Manfred Durniok

An honorary citizen of the City of Beijing, in addition to being one of the few Westeners to have visited China over a hundred times, as friend and colleague, he was also one of the few international dignitaries to be personally invited to Shanghai on 31 December 2002 by the Chinese government for the first ride on the Transrapid between Pudong Airport and Shanghai Central Station: Manfred Durniok ­ in photo above at the Shanghai station (courtesy Durniok). At 400 km/h the Transrapid needed only eight minutes to cover the 32 kilometers from the airport to the train station.

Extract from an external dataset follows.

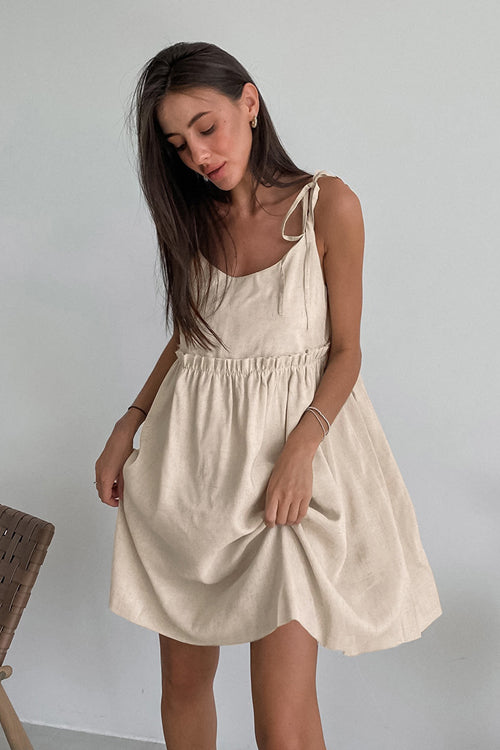 This Time Cotton Sleeveless Mini Dress - 3 Colors Beige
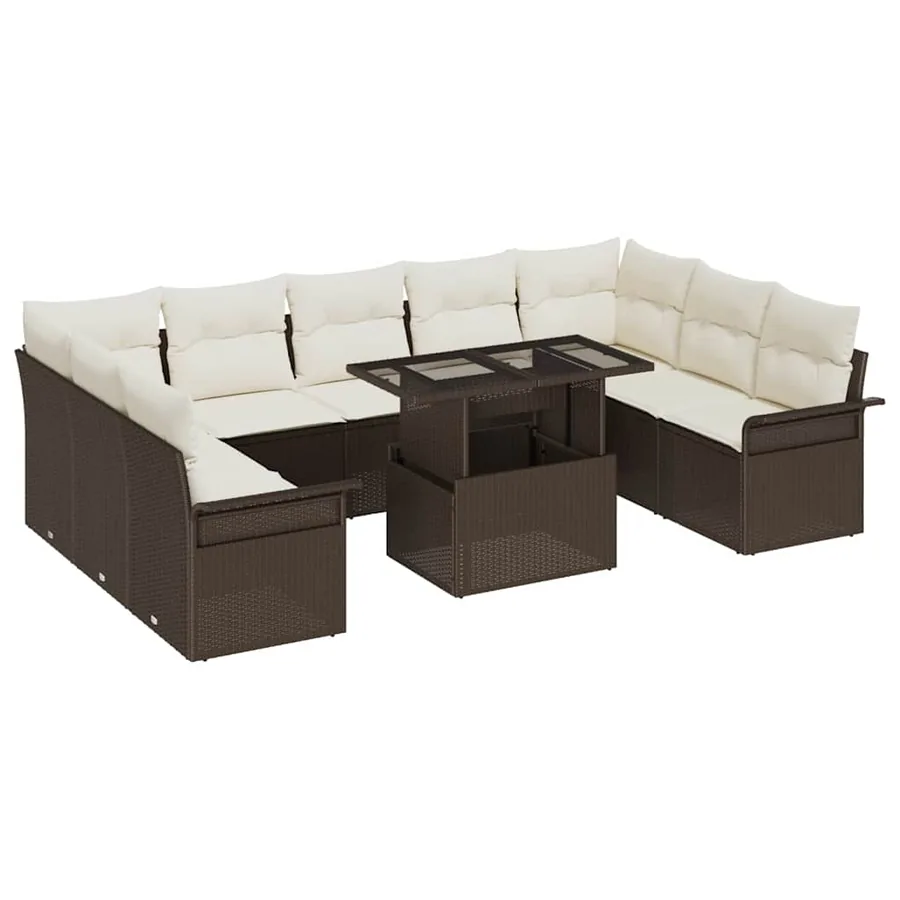 Ensemble de canapé de jardin 10 pcs Marron Poly Rattan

       Asked about his latest project, a film about master spy Richard Sorge, Durniok said he spent a decade raising the funds to get the German-Japanese coproduction off the ground. Richard Sorge (1895 - 1944), a German communist who became a Party member in 1919, was commissioned by the Soviet Union to work as an undercover spy in the Far East. He became a legend in his profession of secrecy when, in May of 1941, he informed Moscow in advance of the German invasion, a report the Soviet leadership could scarcely believe. Five months later, in October of 1941, Sorge was arrested in Tokyo ­ and hanged in 1944. How Sorge was able to ferret out the information he sent on to Moscow has always been a matter of speculation, although it is known that he was a ladies’ man and was having an affair with the German ambassador’s wife in Tokyo. Japanese director Masahiro Shinoda, who previously directed Die Tänzerin (The Dancer) (1988), a German-Japanese coproduction for Manfred Durniok, is directing Richard Sorge ­ The Spy of the Century, a three-hour production for cinema and television. The film was shot in Germany, Japan, China, and Russia.